In the above described connection method between the leg pole 6 and the leg support 7, the attachment bolts 13 are arranged so as not to penetrate the leg pole 6. However, attachment bolts may be arranged so as to penetrate the leg pole 6. In this case, it may be necessary to previously form insertion holes for insertion of the attachment bolts therethrough in a pair of parallel side walls (e.g., the second side walls 6d) to be abutted by engagement grooves of respective members, such as a leg support main body and a leg support attachment member.

In the movable desk 1 of the above described embodiment, the leg pole 6 is arranged in the upper and lower direction with the upper end of the leg pole 6 slightly slanting rearward, and the leg support 7 is perpendicularly connected to the leg pole 6. However, arrangement angles should not be limited to these angles.

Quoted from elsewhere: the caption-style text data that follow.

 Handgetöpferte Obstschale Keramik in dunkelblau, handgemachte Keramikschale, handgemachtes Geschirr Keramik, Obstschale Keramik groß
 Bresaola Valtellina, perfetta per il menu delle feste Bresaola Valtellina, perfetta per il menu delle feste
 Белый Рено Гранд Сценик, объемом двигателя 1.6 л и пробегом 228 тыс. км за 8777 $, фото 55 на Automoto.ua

For example, a leg pole vertically arranged with respect to the floor F, or a leg support horizontally arranged may be employed. In a case of arranging the leg support and leg pole perpendicular to each other, it is possible to fasten the leg support and the leg support attachment member with an attachment bolt in a vicinity of the leg pole, thereby to securely connect the leg support to the leg pole. The leg support and the leg pole need not be arranged perpendicular to each other as long as a predetermined connection strength may be secured.

In the present embodiment, the projections 11d are provided in the leg support attachment member 11 as engagement portions to determine a position of connecting the leg support main body 8 to the leg pole 6. However, the engagement portions may be provided in the leg support main body 8.

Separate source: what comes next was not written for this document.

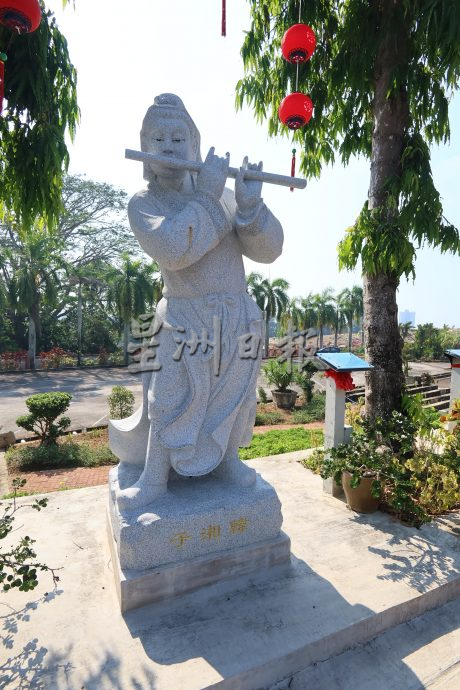 星角摄:关丹天后宫,也有八仙石像!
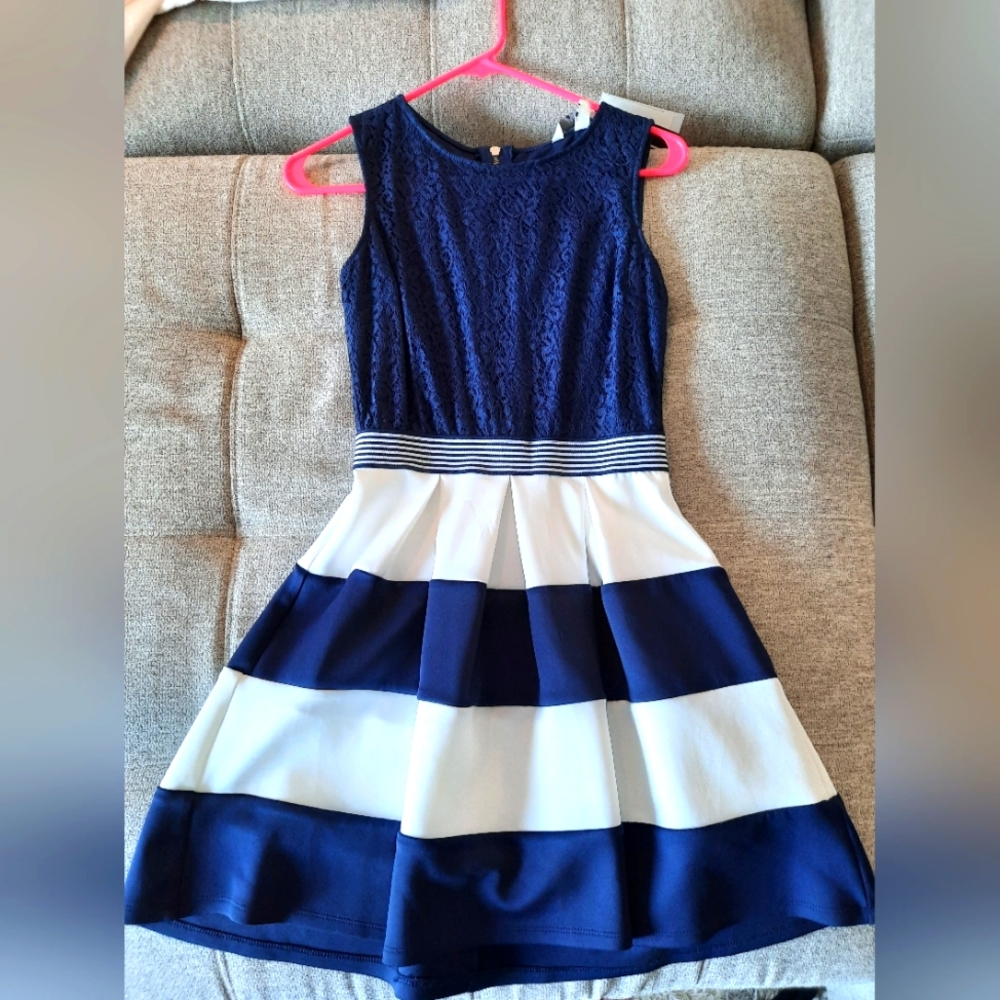 NWT Navy/Ivory Sleeveless Dress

The leg support 7 may have one of a variety of configurations. For example, when there are a plurality of contact portions between the leg pole 6 and the leg support 7, it may be possible to fasten the leg pole 6 by pinching from both sides at each of the contact portions. It may also be possible to fasten the leg pole 6 by pinching from both sides at only one of the contact portions and forming engagement portions for positioning at the remaining contact portions.

The connection method between the leg pole 6 and the leg support 7 in the movable desk 1 of the present embodiment may be applied to a fixed desk without the caster portions 10.

The leg support 7 of the movable desk 1 of the present embodiment includes the height adjusting device for adjusting the height of the rear end portion 8h of the leg support main body 8 from the floor surface F. The height adjusting device may have a configuration other than the configuration in the present embodiment.

For example, it may be possible to employ an adjuster 61 as shown in FIG. 14A to FIG. 14C and provide a circular groove 65 corresponding to the adjuster 61 in the rear end portion 8h of the leg support main body 8. FIG. 14A to FIG. 14C are cross sectional views of the rear end portion 8h of the leg support main body 8 taken along a plane, which passes through a center of the adjuster 61 and is parallel to the longitudinal direction of the leg support main body 8.

The adjuster 61, formed of synthetic resin as the adjuster 21, includes a flange-like operation portion 61a and a brake portion 61b. The operation portion 61a is externally operable. The brake portion 61b upwardly projects from the operation portion 61a in a cylindrical configuration and is inserted into the leg support main body 8.

The operation portion 61a has a disk-like configuration having a diameter larger than a diameter of the brake portion 61b. The operation portion 61a includes an engagement hole 61c in a central part thereof. The engagement hole 61c is insertable around the attachment bolt 27a and also engageable with the hexagonal adjuster engagement portion 27b.

The brake portion 61b has a substantially cylindrical configuration such that a side wall gradually becomes thinner from a side of the operation portion 61a toward an open end. An open end side from a central part in a longitudinal direction of the brake portion 61b is divided into four side walls by four slits provided in the longitudinal direction.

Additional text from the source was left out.